According to Jarosiewicz's new boss, Vice-Principal (Information Systems and Technology) Bruce Pennycook, professional looking, thoughtfully designed and meaty web sites are now a necessary part of how a university interacts with the world around it.

The days of units using a fly-by-the seat-of-their-pants approach to promoting themselves on the web are over. If a web site looks amateurish, if it frustrates potential students or research collaborators who are searching for particular kinds of information, it makes the whole university look bad.

"For instance, within only a few years, the web has become the premiere vehicle students use to gather information about the universities they might attend. At the graduate level, about 70 per cent of students look for their universities that way," Pennycook says. We don't want to blow that first impression.

"When the web started, it was a lot of fun to put together your own site," adds Pennycook. "But by the third or fourth time you revise it — and you have to keep revising it otherwise you become stale and out of date -- it's not that interesting anymore."

In putting together the Gateway, the linchpin of McGill's web efforts, Jarosiewicz says the WCG uses a magazine-like format. The aim is to offer an attractive and consistent-looking package with some newsy tidbits about McGill upfront and a quick pathway to other essential McGill sites.

Jarosiewicz says the WCG's guiding principle is to make McGill's various web offerings as inter-connected and easy-to-find as possible.

A former communications officer in the University Relations Office, Jarosiewicz says the URO's initial web site, which he helped put together, was attractive and engaging but, in some respects, a failure.

"Nobody came to McGill's web site looking for the URO. We were buried. But people were interested in what we produced - the McGill Reporter, our press releases." URO's output is now better integrated into the Gateway as a whole.

"What people shouldn't be doing is publishing a web site about their own particular office, so much as publishing material about the part of the University that they manage.

"When someone comes to the Gateway, they expect to come to McGill, not to a hodge-podge of 150 units. A certain level of consistency is important."

Some of the WCG's initial customers include the Faculty of Agricultural and Environmental Sciences, the Centre for Continuing Education, the Department of Human Resources and the Office for Technology Transfer.

"If you can publish a page of text, if you can supply the content for your unit and update it, you can have a web site. We'll supply the architecture.

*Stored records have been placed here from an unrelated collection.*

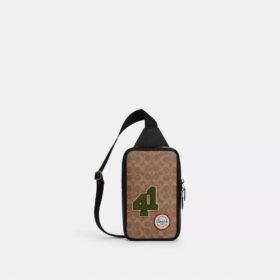 Rucsac Sullivan din Signature Canvas cu patch-uri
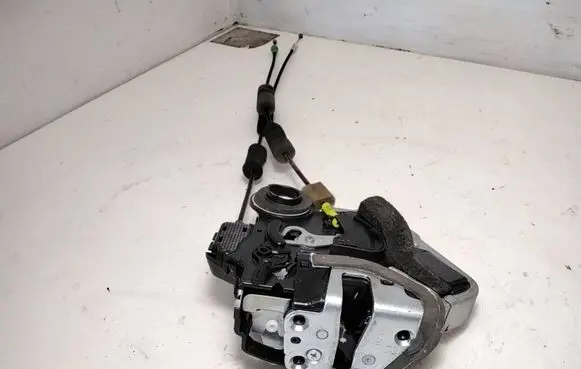 Lexus IS 220D-250-350 Rear door lock 5K2321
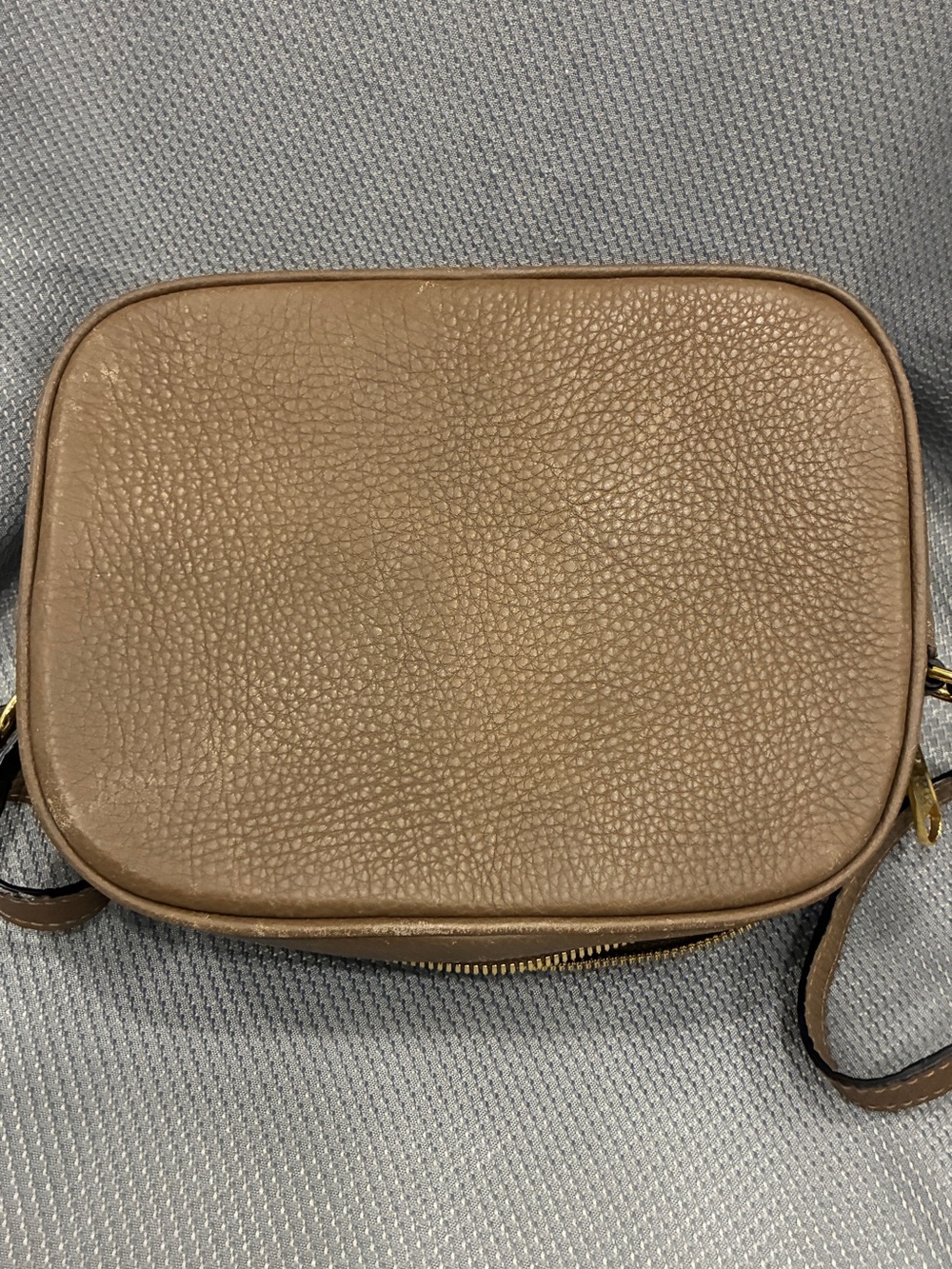 Authentic Gucci Arli Small Brown Leather Crossbody Camera Bag Gold GG-preowned - Picture 7 of 13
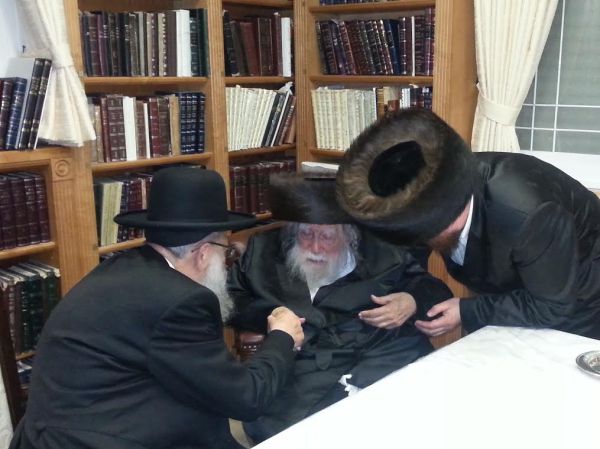 האדמו"ר מערלוי הפתיע את הרב שטרן: תברך אותי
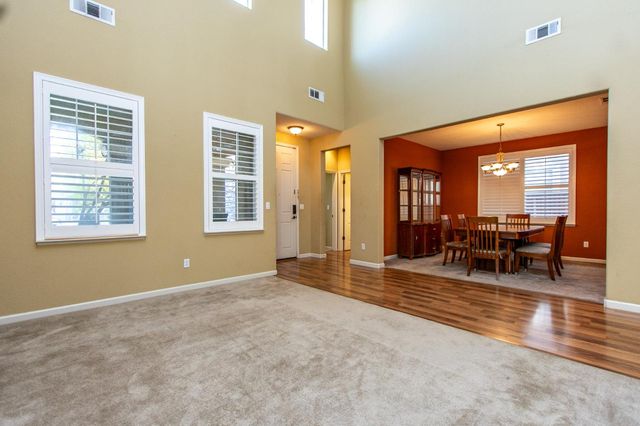 1920 Trail Way, Turlock, CA 95382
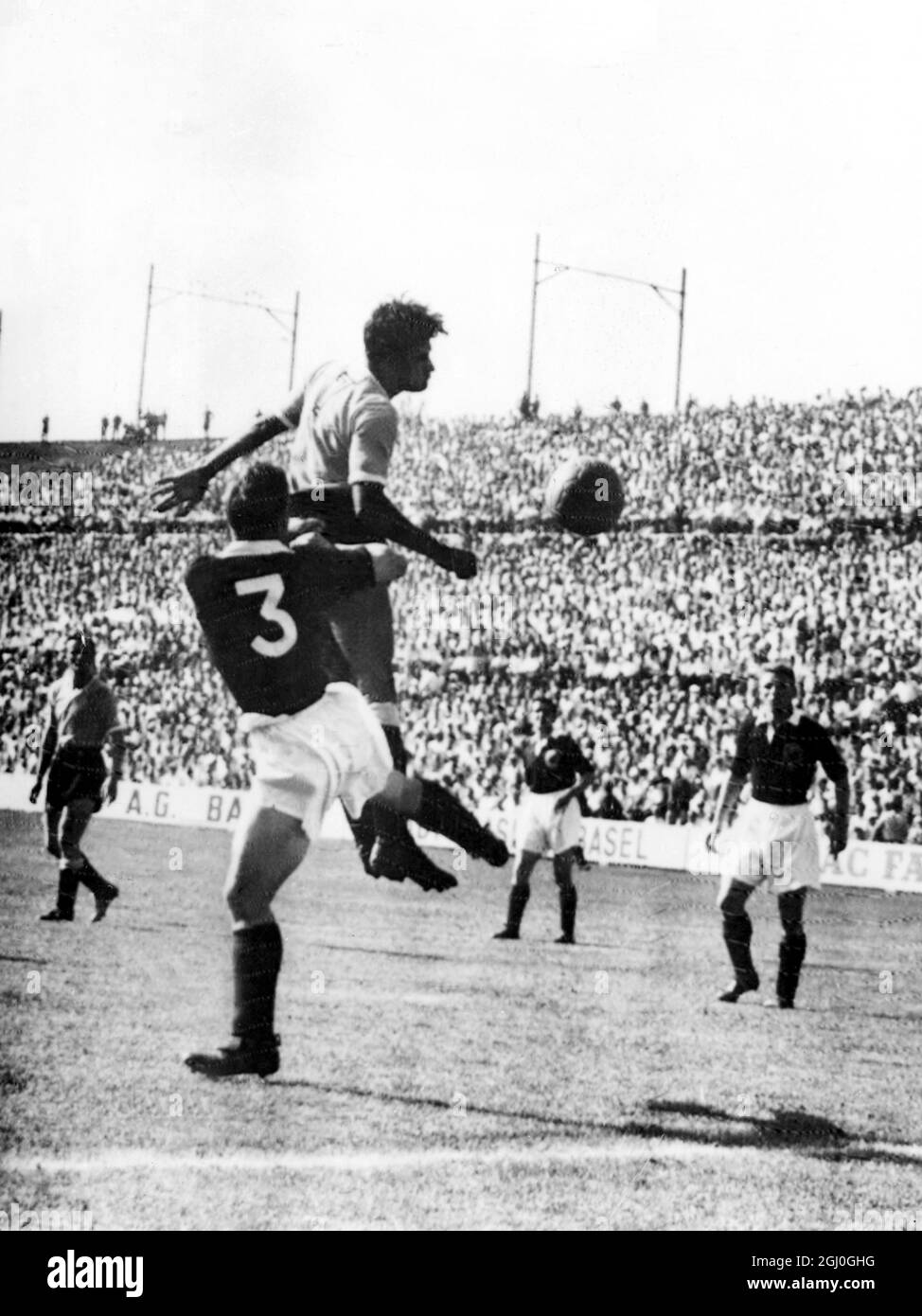 1954 Copa del Mundo Uruguay contra Escocia J. Aird (de vuelta a la cámara, No.3) del equipo escocés y J. Abadie luchando por el balón. En el fondo (derecha) están los jugadores escoceses, Fernie a la izquierda, y W. Cunningham a la derecha. 19th de junio de 1954 Foto de stock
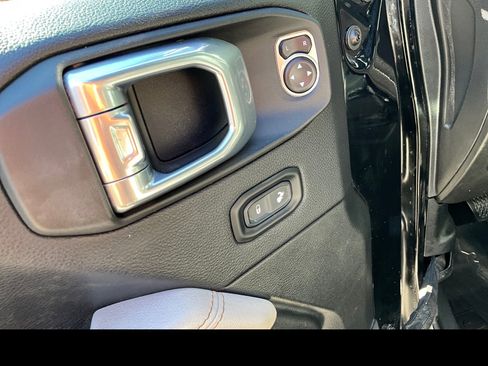 Used 2021 Jeep Wrangler Unlimited Sahara AWD/4WD image 26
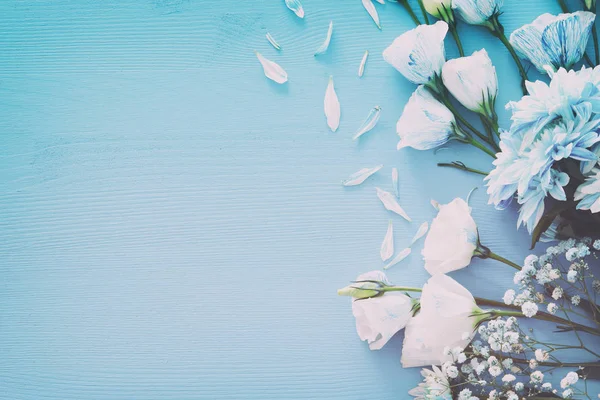 De regeling van de delicate blauwe bloemen op houten achtergrond. Kopiëren van ruimte — Stockfoto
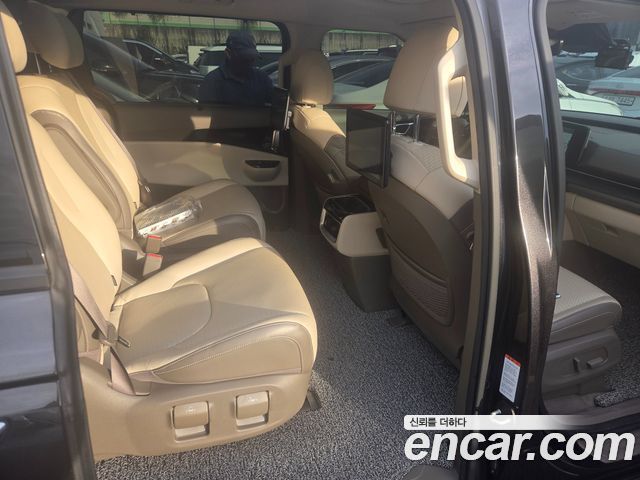Kia Canival 2021 — photo 7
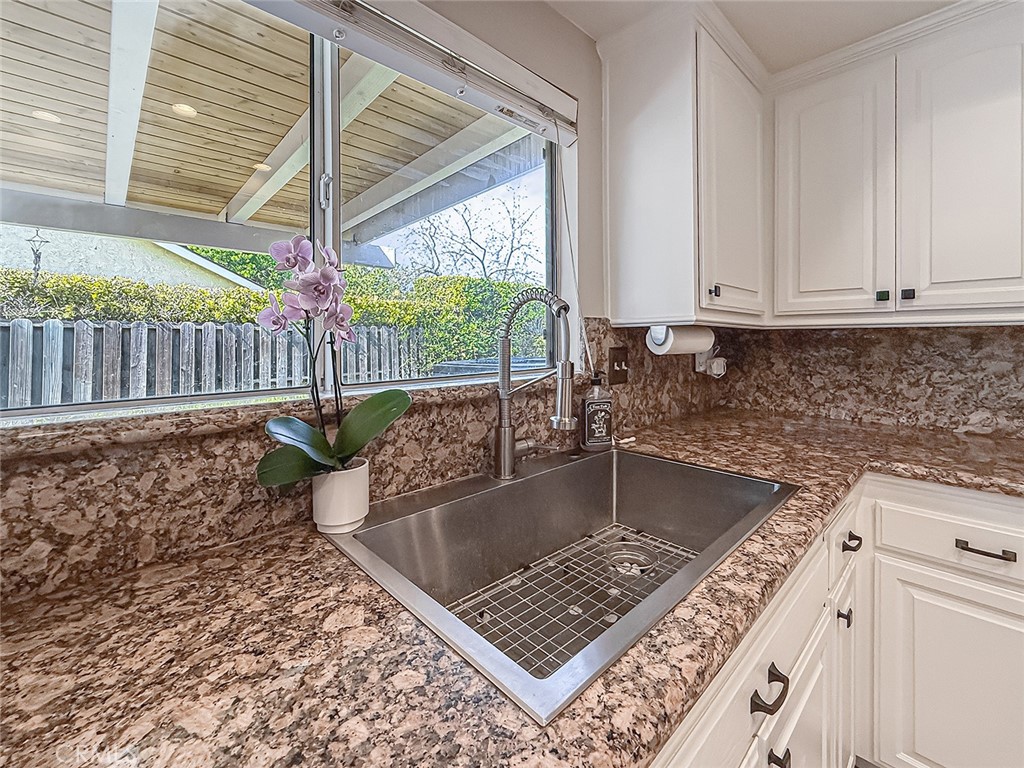 MLS #SR25175323 image #8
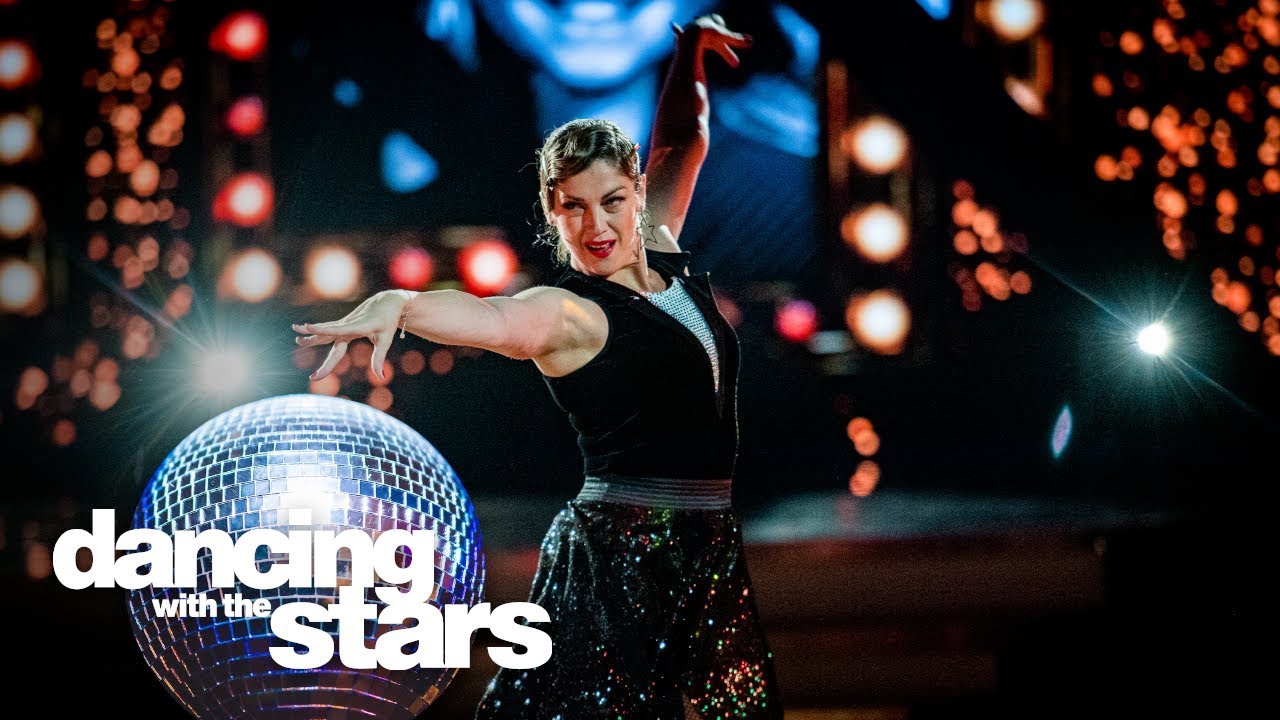 Fay steelt de show in de Broadway Jazz van Kelly en Andrei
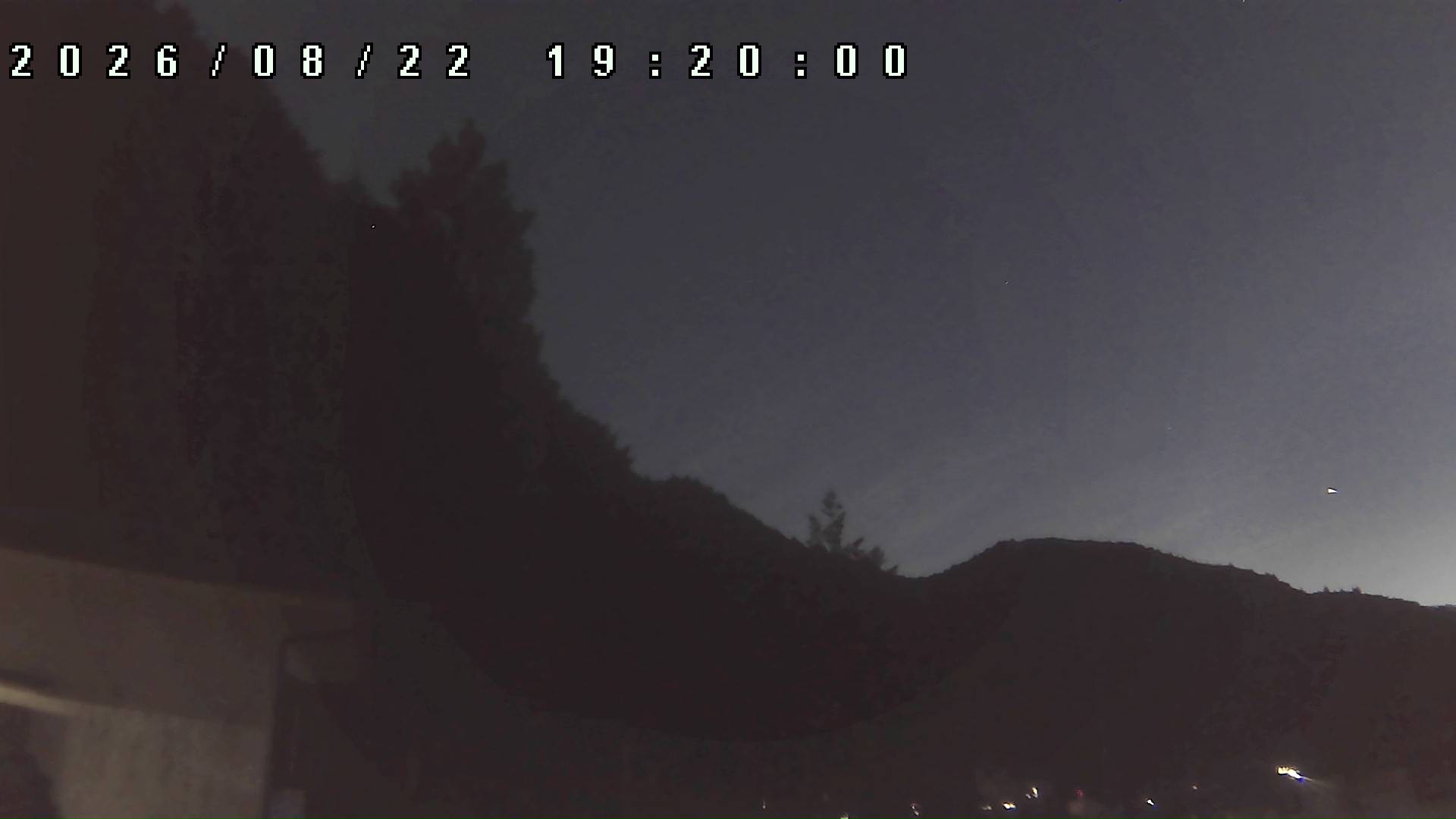 2026年8月22日 19:20ごろの金剛山登山口周辺の空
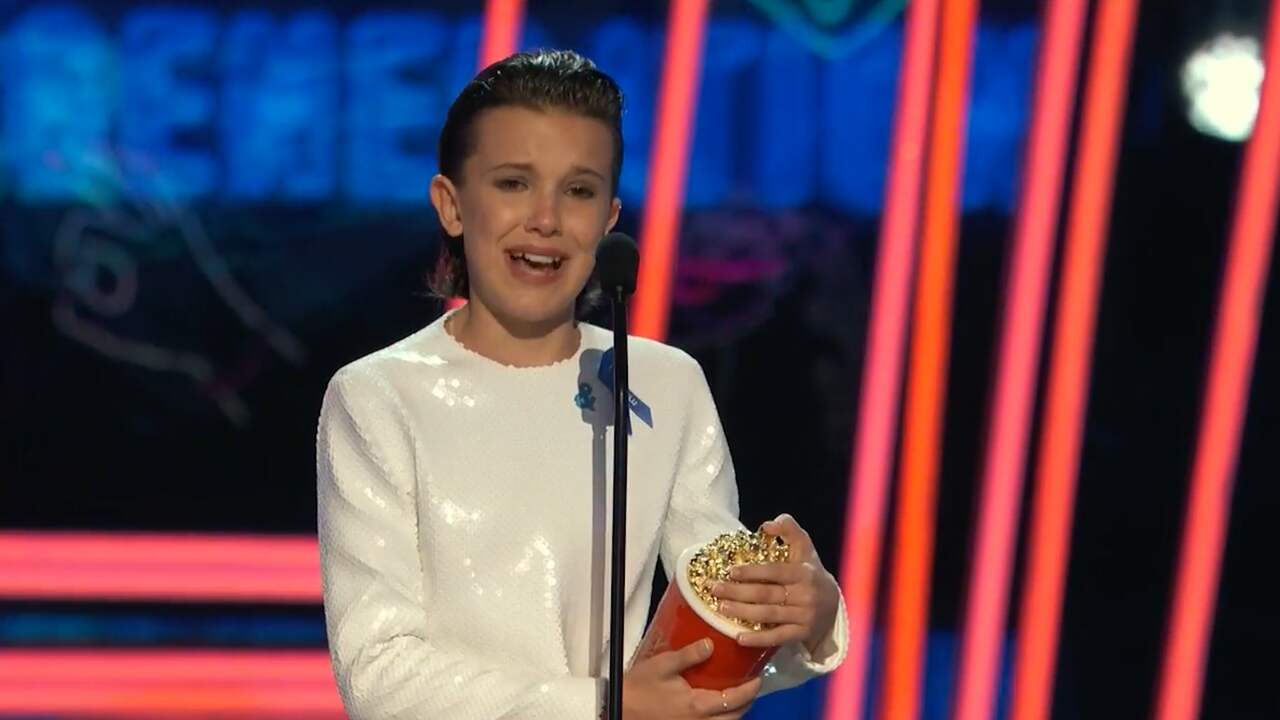 Beeld uit video: Stranger Things-actrice houdt emotionele bedankspeech na winnen award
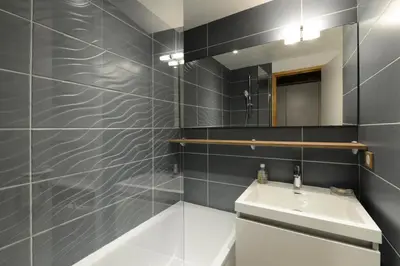 Salle de bains dans l'établissement Résidence Callisto - Appartement rénové · Accès direct aux pistes · Vue pistes MAE-3768
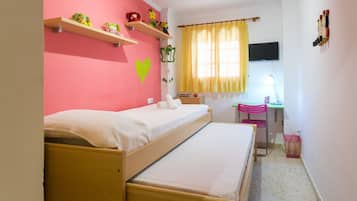 3 slaapkamers, een strijkplank/strijkijzer, gratis wifi, beddengoed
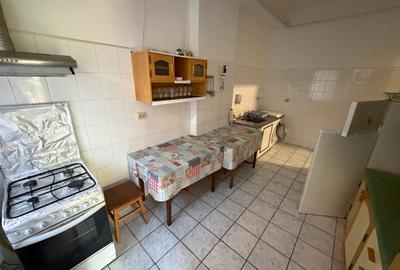 Vilă istorică de vânzare  Castel Aura Buzescu Bușteni  str. Victoriei nr. 11 - 26
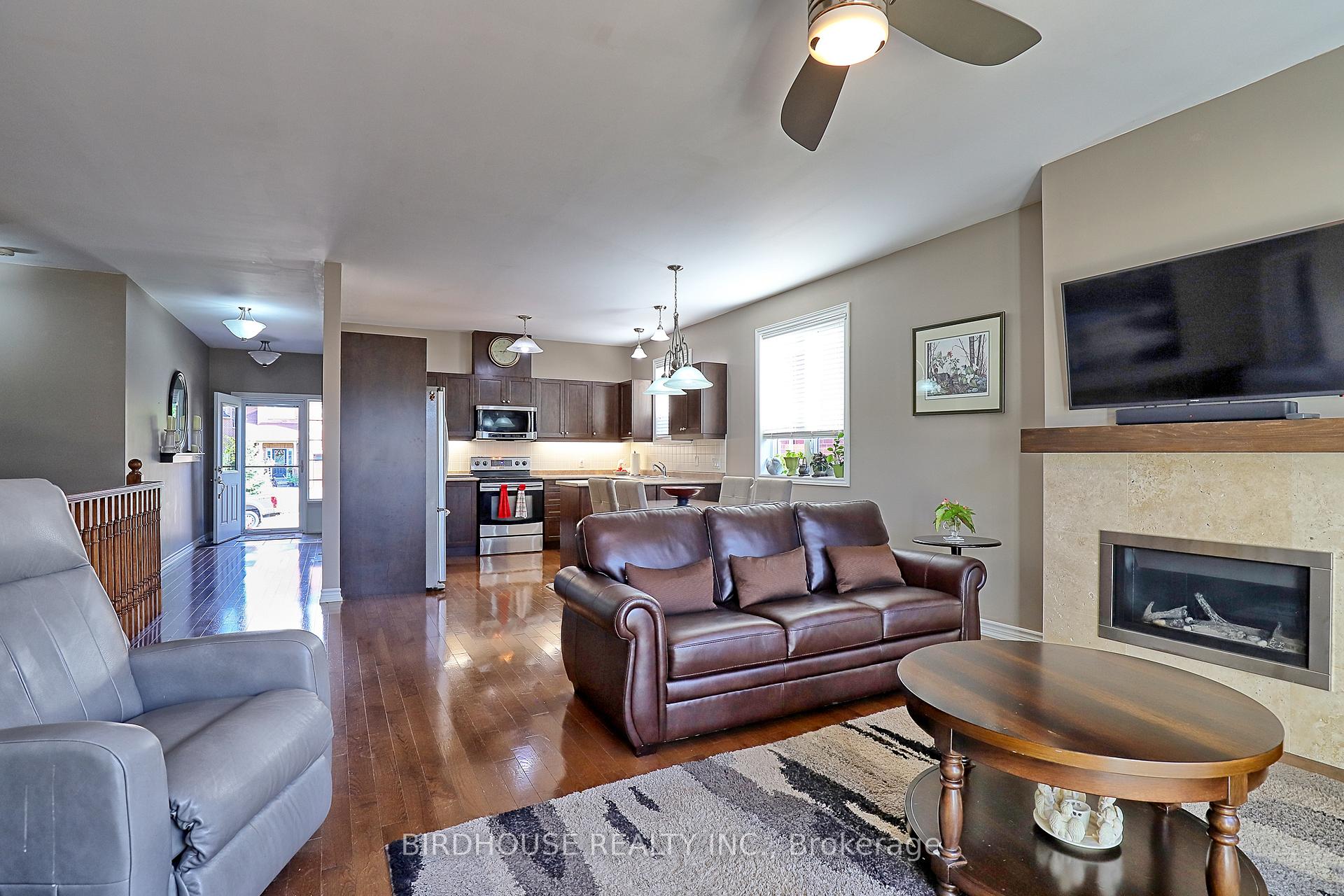 Photo 11 of 21 Ellis Crescent, Kawartha Lakes, Lindsay — HOMEH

"What are people looking for on the web?," posits Jarosiewicz. "When they come to a university, they usually want information about a department's academic programs and about the professors' expertise." He says a surprising number of academic units fail to supply that information in a coherent and easy-to-digest manner.

"Web pages are different from other media. You have to have content, but it has to be layered. If you just throw up all sorts of text and information, people will be turned off." You have to offer information of substance, but in a snack-sized format. "People want to get the flavour of your site, they want to get the gist of what you're about. If they're interested, they'll dig deeper -- as long as you make it easy for them."

Apart from managing the Gateway and helping units develop their own web presence, the WCG will be busy developing programming and design tools, and for units that are still inclined to do it themselves, web publishing guides. In the months to come, Pennycook expects the WCG to collaborate with the Banner Information Systems Project in making McGill's web sites more interactive. The vice-principal envisions a future where most of a students' business with McGill, from paying fees to changing courses, will take place on the web.

Other members of the WCG include web systems designer Eric Smith (who, along with Jarosiewicz, earned the top prize for Canadian university web site last year), programmer Christopher Murtagh and communications assistant Marci Denesiuk. Jarosiewicz also works closely with Tanya Steinberg, IT Administration's manager and WCG's general manager. Steinberg is responsible for policy development, strategic planning and representing the WCG to the senior adminstration.